Convert speech rhythm and dynamics into MusicXML notation with automatic tempo detection, meter estimation, and quantized rhythmic notation for music composition and analysis.
This script converts speech rhythm into MusicXML notation by detecting syllable onsets, estimating tempo and meter, quantizing to musical note values, and generating standard MusicXML files that can be opened in notation software like MuseScore, Finale, or Sibelius. The system performs sophisticated acoustic analysis to extract rhythmic patterns from speech, converts them to quantized musical rhythms, preserves dynamic information as musical dynamics, and creates both MusicXML notation and detailed rhythm TextGrids for analysis. This enables composers, researchers, and musicians to transcribe speech rhythms into musical notation automatically.
Automatic Tempo Detection — Statistical analysis of inter-onset intervals
Meter Estimation — Beat and measure structure from accent patterns
Intelligent Quantization — Converts continuous timing to note values with dotted notes
Dynamics Extraction — Maps intensity contours to musical dynamics (pp-ff)
MusicXML Export — Standard format compatible with all notation software
Rhythm TextGrid — Multi-tier visualization of rhythm analysis
Why Convert Speech to Musical Rhythm?
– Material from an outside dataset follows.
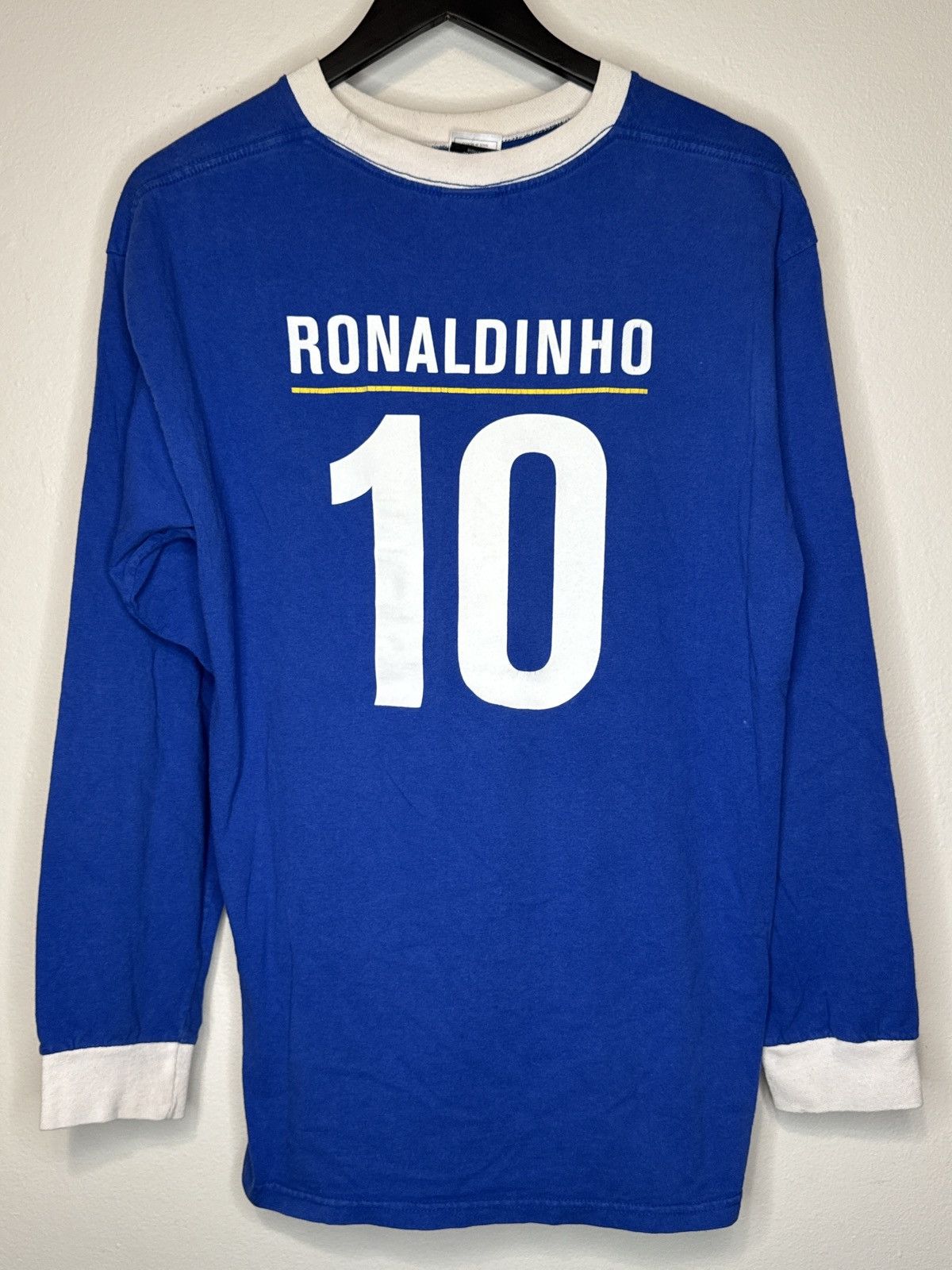 Vintage Nike Brazil Ronaldinho #10 Center Swoosh T Shirt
Speech contains rich rhythmic patterns that can inspire musical composition and provide insights into prosody and timing. This conversion process enables: (1) Musical composition: Use speech rhythms as compositional material. (2) Prosody analysis: Study speech timing through musical notation. (3) Educational tools: Visualize speech rhythm for language learning. (4) Creative applications: Generate rhythmic patterns from spoken word. The system bridges speech analysis and music notation by: (1) Detecting acoustic events: Syllable onsets, intensity peaks. (2) Statistical analysis: Finding tempo through histogram analysis. (3) Musical mapping: Converting continuous time to discrete note values. (4) Preserving expressivity: Maintaining dynamics and timing variations. The result is musically meaningful notation that captures speech rhythm essence.
Technical Implementation: (1) Silence detection: Creates TextGrid with silent/sounding intervals using intensity threshold. (2) Onset detection: 3 methods with peak refinement and prominence filtering. (3) Tempo estimation: Histogram analysis of inter-onset intervals with confidence scoring. (4) Meter estimation: Analyzes accent patterns to determine time signature. (5) Quantization: Rounds onsets to nearest musical grid with note value optimization. (6) Dynamics mapping: Converts intensity to musical dynamics markings. (7) MusicXML generation: Builds valid MusicXML structure with measures, notes, rests, and metadata. (8) TextGrid creation: Multi-tier visualization of rhythm, dynamics, beats, and measures. The complete pipeline runs within Praat using built-in analysis capabilities.
Quick start
In Praat, select exactly one Sound object (mono recommended).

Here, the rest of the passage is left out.